Transfer the fractions to a new ultracentrifuge tube and centrifuge at 100, 000 G's at four degrees celsius for 60 minutes. Discard the supernatant and re-suspend the EV pellets in 50 microliters of sterile DPBS. To begin nano particle tracking analysis, dilute the EV sample in one milliliter of DPBS.
And load the sample into an insulin syringe. After this, attach the syringe to a syringe pump, and measure the particle numbers and size. Set the camera level to 14 and the detection threshold to one.
Next, use a plate reader to quantify the amount of protein in the EV sample via colorimetric detection. Dissolve an equal amount of EV protein from each sample with a blotting loading buffer and DTT. Then heat the samples at 70 degrees celsius for 10 minutes.
Load the samples into a Bis-Tris Plus acrylamide gel and run electrophoresis for 35 minutes. Then transfer the proteins to a nitrocellulose membrane using a dry transfer method. After this, block the membrane with five percent skimmed milk for 60 minutes with gentle rocking.
Incubate the membrane with an antibody to an EV surface protein marker at four degrees celsius with gentle rocking overnight. Develop the membrane by incubating the membrane with HRP link antibody for 60 minutes at room temperature. Wash the membrane for 10 minutes with TBST buffer three times.

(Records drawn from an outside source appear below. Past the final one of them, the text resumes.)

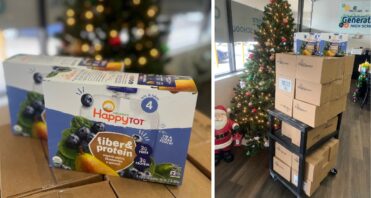 Empower Generations Change Lanes Donation Baby Food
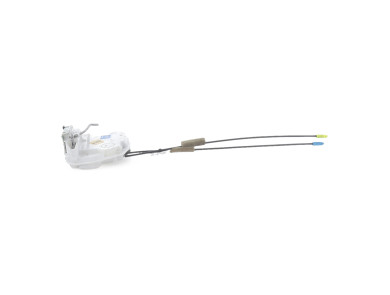 Right front door lock - Mitsubishi OUTLANDER III PH.2 - Blanc - 5715A728 - J1-5648E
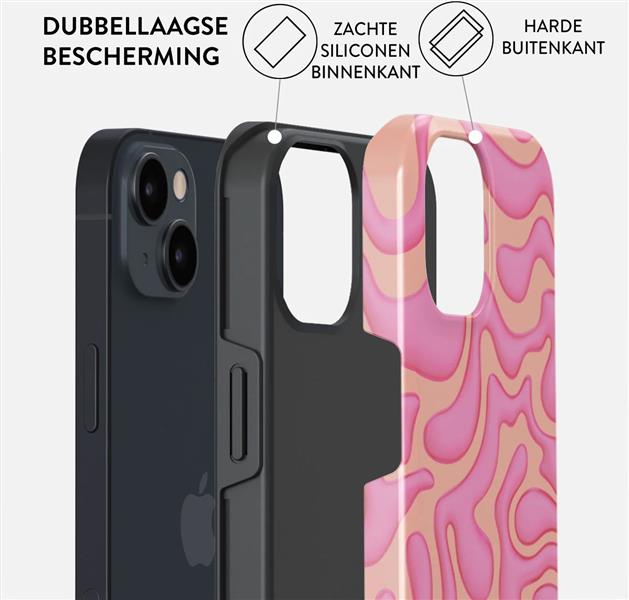 Burga Tough Case Apple iPhone 15 Plus - Popsicle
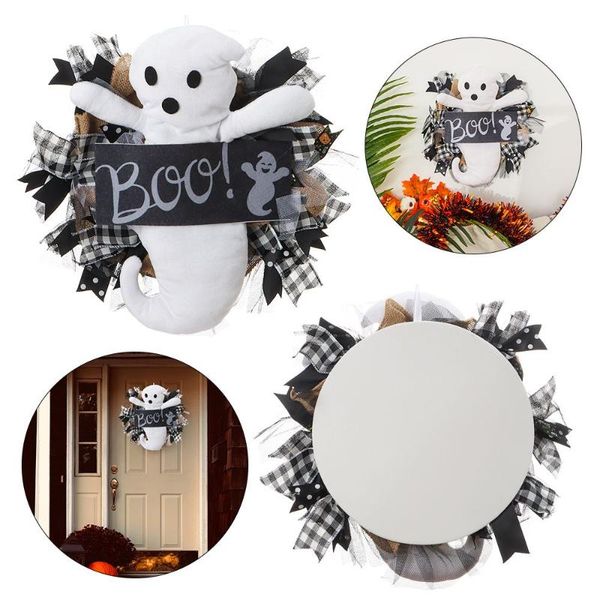 decorative flowers & wreaths 40cm home wall decor front door white ghost wreath halloween boo garland
decorative flowers & wreaths 40cm home wall decor front door white ghost wreath halloween boo garland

Finally, develop the membrane with chemiluminescent HRP antibody detection reagent before proceeding to imaging. To begin flow cytometry, dilute BAL fluid derived EV's in 49 microliters of PEB staining buffer. Then add three antibodies to each of the samples, before incubating the samples at four degrees celsius with rocking for 60 minutes in the dark.
Finally, dilute the samples with 40 microliters of membrane filtered PEB staining buffer and perform flow cytometry analysis. In this protocol, EV's were isolated from mouse BAL fluid using a UFC and UC-DGC methods. BAL fluid derived EV's from normal mice isolated by the UFC method displayed smaller sizes and more uniform size distribution than the UC-DGC-EV's.

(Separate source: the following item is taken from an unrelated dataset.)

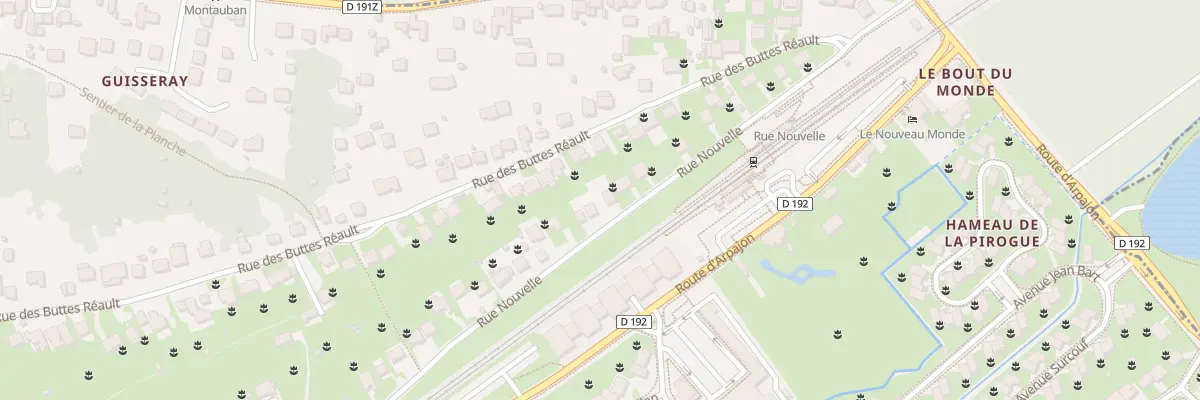 Plan du 24B Rue Nouvelle à Breuillet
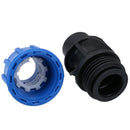 25mm x 1/2" MDPE Female Adapter Compression Coupling Fitting Water Pipe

The UFC technique also had significantly higher total particle counts when compared to the UC-DGC technique. The total protein recovery measured in milligrams of the UFC-EV's was also higher than that of the UC-DGC-EV's, indicating that the UFC technique is more time and effort efficient. Finally, the BAL fluid derived EV's were also further characterized via flow cytometry.
The UFC-EV's and UC-DGC-EV's both expressed CD63, CD9, and CD81. While attempting this procedure, it's important to remember to rehydrate the ultrafiltration unit membrane with DPBS. Once the membrane is hydrated, the unit needs to be kept wet at all time until being used.
Retrieving extracellular vesicle retentate from the filter unit can be challenging. Make sure that the pipette tip is swept side to side to recover most of the EV's from the filter unit. After its development, this technique paved the way for researchers in the field of extracellular vesicle isolation to explore the biological functions of bronchoalveolar lavage derived extracellular vesicles in both normal or pathological conditions in small animals.